Draves herself has trained in contemporary, modern, and ballet -- but was exposed to classical Indian dance early in life. Though she grew up in the middle of Indiana, in Marion (pop. 30,000), her best friends were Indian and Sri Lankan. Draves says that her parents "encouraged us to see outside our own experience," and her friends' homes were filled with South Asian art and conversation. Though Marion didn't have an Indian dance school, "the diasporic community wanted to keep its traditions alive," says Draves. "So once a year, or more, there were small community-oriented cultural festivals in town, and I got to see the folk dances."

Eight years ago, Draves met Hema Rajagopalan of Natya Dance Theater and started dancing bharatanatyam. "For this festival," she says, "I was curious about people who'd trained significantly in both [Western and Indian] forms, who had those experiences in their own bodies." Exploring this particular kind of multicultural identity is common in California, New York, and London, she says -- less so in Chicago.

One of the best things about the festival's first two weekends, Draves says, was the opportunity to connect with others in the field. At the initial show, she met the folks at Chicago's Silk Road Rising for the first time; the Post Natyam Collective, based in LA, taught Bollywood classes at the Dance Center of Columbia College. The second, "yogic" weekend, featuring work by both Chicago's Silvita Diaz Brown and PosterchildArt, put the audience in a mellow, happy mood, says Draves.

On the festival's final weekend, Saturday night only, Milwaukee-based Danceworks, Inc. will perform The Violet Hour, a piece commissioned from Draves. "My idea," she says, "was to really hybridize the pure dance aspects of bharatanatyam and the outward intention of modern dance, its momentum and fluidity. It's my experience of a hybrid vocabulary, but presented as a cohesive dance piece and not 'othered.'"

When The Violet Hour debuted in Milwaukee last February, one reviewer "exoticized the dance, talking about 'Bollywood verve' and the beauty of the women and their bodies," Draves says. "People just don't have the words to talk about what they're seeing. That's another, underlying reason for the festival: these artists don't fit into neat categories, classical or contemporary, and that makes grants harder to come by."
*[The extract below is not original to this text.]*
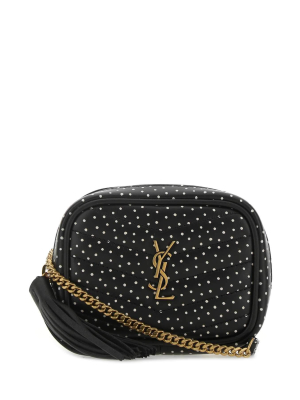 Saint Laurent Lou Polka Dot Crossbody Bag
On Friday and Sunday, Draves substitutes her Chimera for The Violet Hour; inspired by that hybrid creature, this solo will be accompanied by percussionist Brent Roman of Mucca Pazza. Every program includes Krithika Rajagopalan (daughter of Hema, Natya's artistic director) in two of her solo works: Sita Kavya, about women being asked to verify their integrity, and the new 108, exploring "the architecture of bharatanatyam."

Also on all three nights, Ananya Chatterjea presents her trio, Chhaya, from the shadows. Describing it as "an exploration of women's desires, fears, and resistance" rooted in a deconstruction of classical Indian tradition, she says it typifies her work. The music blends different cultural influences, and the piece has what she calls "an unfolding narrative that's not linear -- you're invited to make up your own story."

Acknowledging that classical Indian dance is capable of "tremendous clarity," Chatterjea adds that "we want to tell different kinds of stories. that are about our lives now. And I want people to tell us what they see." She's looking forward to face-to-face conversations here (there's a talkback after Friday's show, and post-performance receptions all three nights). But she's also had productive exchanges through Facebook and Twitter.

"I love that Emma is working with this vibrant movement," says Chatterjea. "We need to have contemporary Indian dance that's not Bollywood."